Department of Otolaryngology-Head and Neck Surgery, Massachusetts Eye and Ear, Harvard Medical School, Boston, MA.
Department of Otolaryngology-Head and Neck Surgery, Hackensack Meridian School of Medicine at Seton Hall University, Nutley, NJ.
Int Forum Allergy Rhinol. 2020 Aug;10(8):991-995. doi: 10.1002/alr.22560. Epub 2020 May 14.
Visualization and instrumentation of the frontal sinus is not always possible with a Draf III or modified endoscopic Lothrop procedure (MELP), and external incisions can help augment exposure. We compare lateral frontal sinus access using only a MELP compared to the adjunctive transcaruncular approach and transcutaneous Lynch incision.
Twelve cadaveric heads underwent thin-cut computed tomography scanning. Measurement of the frontal beak, anteroposterior depth of the frontal sinus, and interorbital distance was performed. There were 4 specimens with poorly pneumatized frontal sinuses that were excluded from the study. Eight cadaveric heads (16 sides) were dissected and a MELP with bilateral transcaruncular and Lynch incisions for access to the lateral frontal sinus was performed. Under image guidance, measurements extended from the midline crista galli to the most lateral point of the frontal sinus visualized using a 0-degree endoscope with straight suction and a 30-degree endoscope with curved suction.

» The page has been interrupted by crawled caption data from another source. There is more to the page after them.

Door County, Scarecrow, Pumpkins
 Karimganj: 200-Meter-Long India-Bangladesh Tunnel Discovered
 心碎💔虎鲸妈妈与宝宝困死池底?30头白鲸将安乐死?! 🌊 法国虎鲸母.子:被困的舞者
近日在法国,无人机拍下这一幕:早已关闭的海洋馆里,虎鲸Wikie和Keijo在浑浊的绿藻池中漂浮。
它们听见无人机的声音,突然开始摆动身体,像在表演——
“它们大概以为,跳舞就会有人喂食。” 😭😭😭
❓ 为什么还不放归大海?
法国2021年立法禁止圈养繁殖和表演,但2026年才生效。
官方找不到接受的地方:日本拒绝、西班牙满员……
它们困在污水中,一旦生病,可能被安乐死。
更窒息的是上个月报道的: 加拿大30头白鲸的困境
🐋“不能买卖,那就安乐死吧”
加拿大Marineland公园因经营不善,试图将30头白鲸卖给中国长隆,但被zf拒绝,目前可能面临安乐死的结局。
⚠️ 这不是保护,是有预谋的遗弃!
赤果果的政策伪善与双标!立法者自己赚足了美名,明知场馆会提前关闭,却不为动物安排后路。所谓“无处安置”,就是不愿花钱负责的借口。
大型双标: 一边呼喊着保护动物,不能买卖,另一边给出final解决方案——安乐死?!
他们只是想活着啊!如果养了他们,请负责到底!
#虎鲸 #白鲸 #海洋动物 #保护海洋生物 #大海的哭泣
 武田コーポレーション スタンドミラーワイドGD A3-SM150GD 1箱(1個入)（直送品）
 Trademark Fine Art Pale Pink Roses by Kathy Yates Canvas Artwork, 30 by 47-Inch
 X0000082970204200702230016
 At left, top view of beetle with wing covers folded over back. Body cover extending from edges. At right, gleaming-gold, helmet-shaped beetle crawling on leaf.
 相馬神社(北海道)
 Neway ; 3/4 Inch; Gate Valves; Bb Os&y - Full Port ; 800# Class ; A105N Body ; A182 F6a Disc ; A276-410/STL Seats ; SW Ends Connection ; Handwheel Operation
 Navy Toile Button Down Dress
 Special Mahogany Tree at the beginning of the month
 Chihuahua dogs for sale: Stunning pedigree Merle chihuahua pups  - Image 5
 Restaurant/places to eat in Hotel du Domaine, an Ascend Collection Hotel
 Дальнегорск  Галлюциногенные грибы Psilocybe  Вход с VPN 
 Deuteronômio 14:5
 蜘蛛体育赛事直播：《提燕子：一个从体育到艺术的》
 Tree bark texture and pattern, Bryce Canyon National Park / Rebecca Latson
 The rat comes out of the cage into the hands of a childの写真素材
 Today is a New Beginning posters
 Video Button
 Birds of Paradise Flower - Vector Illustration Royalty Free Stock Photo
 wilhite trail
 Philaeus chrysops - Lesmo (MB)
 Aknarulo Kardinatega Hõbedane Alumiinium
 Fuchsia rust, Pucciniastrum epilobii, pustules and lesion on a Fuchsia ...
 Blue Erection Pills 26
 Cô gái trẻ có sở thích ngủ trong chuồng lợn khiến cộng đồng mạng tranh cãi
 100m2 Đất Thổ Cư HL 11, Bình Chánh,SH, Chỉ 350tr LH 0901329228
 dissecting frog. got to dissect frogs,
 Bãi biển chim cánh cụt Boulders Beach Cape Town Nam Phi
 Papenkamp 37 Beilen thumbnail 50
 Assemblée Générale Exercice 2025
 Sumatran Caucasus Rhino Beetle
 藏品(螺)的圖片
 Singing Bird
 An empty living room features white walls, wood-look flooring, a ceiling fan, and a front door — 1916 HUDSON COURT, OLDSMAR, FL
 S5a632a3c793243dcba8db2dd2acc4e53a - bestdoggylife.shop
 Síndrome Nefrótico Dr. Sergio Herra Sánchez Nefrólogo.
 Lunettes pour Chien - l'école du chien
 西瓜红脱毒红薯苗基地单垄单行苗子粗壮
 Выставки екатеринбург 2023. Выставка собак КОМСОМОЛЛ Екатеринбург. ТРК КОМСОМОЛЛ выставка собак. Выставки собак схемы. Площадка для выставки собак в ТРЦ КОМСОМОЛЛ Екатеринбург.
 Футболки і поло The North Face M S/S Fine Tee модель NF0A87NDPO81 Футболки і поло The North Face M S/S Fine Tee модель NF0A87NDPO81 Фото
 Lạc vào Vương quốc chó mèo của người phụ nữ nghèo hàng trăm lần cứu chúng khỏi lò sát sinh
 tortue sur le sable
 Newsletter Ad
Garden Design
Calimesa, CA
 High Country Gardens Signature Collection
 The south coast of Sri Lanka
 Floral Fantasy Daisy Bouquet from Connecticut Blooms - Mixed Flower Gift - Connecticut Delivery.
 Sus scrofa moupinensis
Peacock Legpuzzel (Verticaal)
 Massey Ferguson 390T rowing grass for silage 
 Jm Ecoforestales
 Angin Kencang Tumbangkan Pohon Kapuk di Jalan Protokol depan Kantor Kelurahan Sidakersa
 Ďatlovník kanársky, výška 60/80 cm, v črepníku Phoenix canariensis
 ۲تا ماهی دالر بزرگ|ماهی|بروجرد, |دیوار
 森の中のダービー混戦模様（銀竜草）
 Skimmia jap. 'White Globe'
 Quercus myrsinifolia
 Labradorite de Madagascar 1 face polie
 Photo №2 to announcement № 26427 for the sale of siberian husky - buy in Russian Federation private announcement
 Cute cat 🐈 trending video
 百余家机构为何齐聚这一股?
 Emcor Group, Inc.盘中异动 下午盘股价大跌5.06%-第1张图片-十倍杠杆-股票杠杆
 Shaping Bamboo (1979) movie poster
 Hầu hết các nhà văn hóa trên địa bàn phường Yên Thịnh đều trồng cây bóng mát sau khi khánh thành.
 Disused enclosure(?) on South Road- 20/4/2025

The proportion of the ipsilateral frontal sinus accessed through the contralateral nare with a 0-degree endoscope and straight suction using a MELP only, a MELP with transcaruncular approach, and a MELP with Lynch incision, respectively, averaged 41.6%, 51.6%, and 58.9% on the right, and 48.9%, 47.1%, and 61.2% on the left. Using a 30-degree endoscope and curved suction the proportion accessed using a MELP only, a MELP with transcaruncular approach, and a MELP with Lynch incision, respectively, increased to 76.1%, 62.6%, and 91.8% on the right, and 83.2%, 62.7%, and 88.7% on the left.
Adjunctive external approaches can improve access and instrumentation of the frontal sinus when combined with a MELP.
使用 Draf III 或改良内镜 Lothrop 手术(MELP)并不能始终实现额窦的可视化和器械化,而外部切口可以帮助增加暴露度。我们比较了仅使用 MELP 进行的外侧额窦入路与附加经泪囊入路和经皮 Lynch 切口的方法。
12 个头骨标本进行了薄层 CT 扫描。测量额骨喙、额窦前后深度和眶距。有 4 个标本额窦气化不良,因此被排除在研究之外。8 个头骨标本(16 侧)进行了解剖,通过 MELP 联合双侧经泪囊和 Lynch 切口进入外侧额窦。在图像引导下,使用 0 度直吸内镜和 30 度弯吸内镜从中线鸡冠到可见额窦最外侧点进行测量。
使用 0 度直吸内镜,仅通过 MELP、MELP 联合经泪囊入路和 MELP 联合 Lynch 切口,从对侧鼻腔进入同侧额窦的比例分别为右侧 41.6%、51.6%和 58.9%,左侧为 48.9%、47.1%和 61.2%。使用 30 度弯吸内镜,仅通过 MELP、MELP 联合经泪囊入路和 MELP 联合 Lynch 切口,从对侧鼻腔进入同侧额窦的比例分别增加至右侧 76.1%、62.6%和 91.8%,左侧为 83.2%、62.7%和 88.7%。
当与 MELP 联合使用时,附加的外部入路可以改善额窦的进入和器械化。